The proper solution to this is "Server-Side Rendering" (SSR). I've tried SSR before, but it doesn't work. A lot of the code wasn't made for it in mind so it just fails. To fix it would mean going through a lot of code and also making sure any future code works in both cases. It's a big investment.

An alternative I've been thinking of is to go through every page in a web browser and dump the HTML. I've tried it this week using Puppeteer to automate the process and... it works.

There are a few issues though: cache invalidation (as always) and deciding where to run it. It can't run server-side since it's using a whole web browser which is slow and eats up a lot of resources, so it'll need to run in parallel. Which in turn means it'll need to know which pages to cache.

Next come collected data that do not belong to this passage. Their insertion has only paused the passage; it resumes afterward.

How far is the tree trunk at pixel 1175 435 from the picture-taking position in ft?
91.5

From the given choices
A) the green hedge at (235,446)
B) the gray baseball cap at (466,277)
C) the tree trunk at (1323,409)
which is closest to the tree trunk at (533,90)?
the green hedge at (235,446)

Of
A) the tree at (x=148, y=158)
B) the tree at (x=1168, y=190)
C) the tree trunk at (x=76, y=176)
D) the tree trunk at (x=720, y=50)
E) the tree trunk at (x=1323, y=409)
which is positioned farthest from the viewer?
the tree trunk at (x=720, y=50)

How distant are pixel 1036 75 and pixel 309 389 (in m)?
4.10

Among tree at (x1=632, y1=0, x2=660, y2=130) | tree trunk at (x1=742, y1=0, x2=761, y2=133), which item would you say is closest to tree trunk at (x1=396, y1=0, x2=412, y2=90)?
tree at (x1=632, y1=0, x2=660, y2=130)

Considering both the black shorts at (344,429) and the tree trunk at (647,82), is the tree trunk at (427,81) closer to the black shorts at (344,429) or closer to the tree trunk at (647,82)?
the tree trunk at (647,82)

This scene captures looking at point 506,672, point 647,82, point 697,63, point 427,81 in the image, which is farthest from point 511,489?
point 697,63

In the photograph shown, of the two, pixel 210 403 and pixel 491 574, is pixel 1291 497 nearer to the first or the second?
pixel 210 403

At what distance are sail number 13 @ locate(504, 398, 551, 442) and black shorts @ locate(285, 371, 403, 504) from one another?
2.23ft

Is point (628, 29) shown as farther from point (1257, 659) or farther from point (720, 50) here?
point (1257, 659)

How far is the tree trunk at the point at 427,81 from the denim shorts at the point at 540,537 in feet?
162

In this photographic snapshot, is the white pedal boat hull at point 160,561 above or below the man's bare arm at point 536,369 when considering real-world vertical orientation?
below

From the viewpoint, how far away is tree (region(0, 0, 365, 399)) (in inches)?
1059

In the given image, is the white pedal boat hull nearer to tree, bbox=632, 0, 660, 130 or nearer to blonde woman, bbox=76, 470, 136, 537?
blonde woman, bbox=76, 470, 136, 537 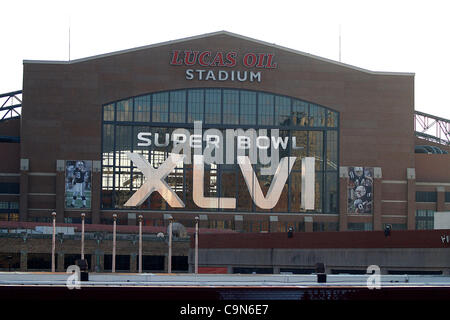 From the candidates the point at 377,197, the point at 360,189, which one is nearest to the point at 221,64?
the point at 360,189

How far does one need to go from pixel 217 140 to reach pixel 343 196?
1906cm

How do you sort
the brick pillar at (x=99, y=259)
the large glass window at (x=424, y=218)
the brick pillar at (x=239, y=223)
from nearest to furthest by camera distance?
the brick pillar at (x=99, y=259), the brick pillar at (x=239, y=223), the large glass window at (x=424, y=218)

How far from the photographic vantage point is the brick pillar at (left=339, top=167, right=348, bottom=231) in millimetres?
126188

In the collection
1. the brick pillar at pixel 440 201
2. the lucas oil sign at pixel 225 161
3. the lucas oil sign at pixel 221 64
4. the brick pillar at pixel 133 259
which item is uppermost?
the lucas oil sign at pixel 221 64

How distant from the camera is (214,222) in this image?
126m

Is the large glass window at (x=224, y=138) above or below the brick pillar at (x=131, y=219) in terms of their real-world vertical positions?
above

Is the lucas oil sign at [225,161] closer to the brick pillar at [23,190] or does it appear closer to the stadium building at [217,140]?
the stadium building at [217,140]

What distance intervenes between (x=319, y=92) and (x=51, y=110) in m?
36.6

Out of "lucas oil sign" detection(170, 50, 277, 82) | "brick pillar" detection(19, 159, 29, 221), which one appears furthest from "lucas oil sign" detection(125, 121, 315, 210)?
"brick pillar" detection(19, 159, 29, 221)

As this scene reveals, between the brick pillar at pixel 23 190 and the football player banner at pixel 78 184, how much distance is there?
5.36 meters

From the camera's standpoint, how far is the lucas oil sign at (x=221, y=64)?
124750 mm

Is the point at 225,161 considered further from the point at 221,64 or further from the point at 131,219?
the point at 131,219

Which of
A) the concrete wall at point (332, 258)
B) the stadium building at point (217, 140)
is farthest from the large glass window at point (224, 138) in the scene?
the concrete wall at point (332, 258) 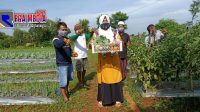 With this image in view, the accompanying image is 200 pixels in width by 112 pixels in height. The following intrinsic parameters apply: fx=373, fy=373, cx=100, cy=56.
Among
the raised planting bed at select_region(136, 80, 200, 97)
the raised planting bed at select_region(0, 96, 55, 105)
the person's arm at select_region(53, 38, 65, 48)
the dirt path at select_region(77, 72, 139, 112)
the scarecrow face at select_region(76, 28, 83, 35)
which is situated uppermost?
the scarecrow face at select_region(76, 28, 83, 35)

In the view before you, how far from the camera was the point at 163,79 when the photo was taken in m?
8.30

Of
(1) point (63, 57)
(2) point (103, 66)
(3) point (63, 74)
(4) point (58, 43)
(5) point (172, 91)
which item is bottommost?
(5) point (172, 91)

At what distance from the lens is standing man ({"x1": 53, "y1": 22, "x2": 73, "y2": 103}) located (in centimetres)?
750

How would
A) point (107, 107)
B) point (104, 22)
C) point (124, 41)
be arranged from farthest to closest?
point (124, 41) < point (107, 107) < point (104, 22)

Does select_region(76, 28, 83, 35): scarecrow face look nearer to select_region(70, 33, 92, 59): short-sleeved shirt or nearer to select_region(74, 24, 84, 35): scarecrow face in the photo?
select_region(74, 24, 84, 35): scarecrow face

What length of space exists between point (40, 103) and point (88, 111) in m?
1.16

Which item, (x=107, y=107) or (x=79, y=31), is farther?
(x=79, y=31)

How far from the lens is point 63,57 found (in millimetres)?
7789

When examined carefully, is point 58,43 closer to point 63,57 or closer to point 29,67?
point 63,57

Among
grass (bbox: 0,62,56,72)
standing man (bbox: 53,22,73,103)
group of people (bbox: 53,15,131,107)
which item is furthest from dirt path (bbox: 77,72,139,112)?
grass (bbox: 0,62,56,72)

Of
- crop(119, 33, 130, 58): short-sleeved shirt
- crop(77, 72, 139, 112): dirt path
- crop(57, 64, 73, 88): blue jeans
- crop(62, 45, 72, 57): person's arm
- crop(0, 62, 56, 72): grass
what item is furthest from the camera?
crop(0, 62, 56, 72): grass

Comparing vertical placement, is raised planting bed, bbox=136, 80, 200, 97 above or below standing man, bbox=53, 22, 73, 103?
below

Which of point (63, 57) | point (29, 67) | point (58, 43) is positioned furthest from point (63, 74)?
point (29, 67)

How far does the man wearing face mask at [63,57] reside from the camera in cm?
750
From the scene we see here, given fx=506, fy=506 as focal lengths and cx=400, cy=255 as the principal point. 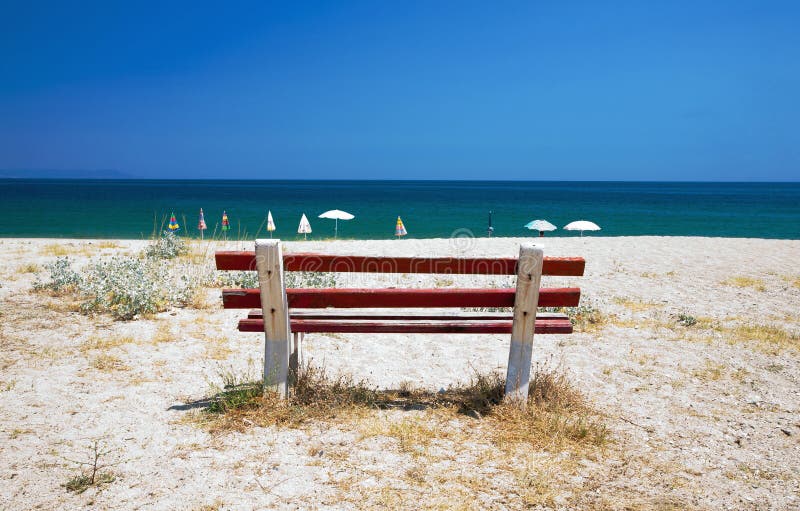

Right now, the experiment is using the sitemap.xml to scrape FrontierNav. That works for the more simple pages. But pages like the Maps have potentially hundreds of elements, and dumping all of that into HTML will be ridiculous. These pages are the most likely to be shared on social media. I could strip the excess post-render, but then the solution becomes more complex, at which point SSR becomes more appealing again.

Running in parallel is also a lot of waste since the vast majority of pages won't be directly navigated to. I could make it more intelligent and have it use access logs to find the pages it should cache, but then it's caching after the fact so it'll always be one step behind.

Decisions. Decisions.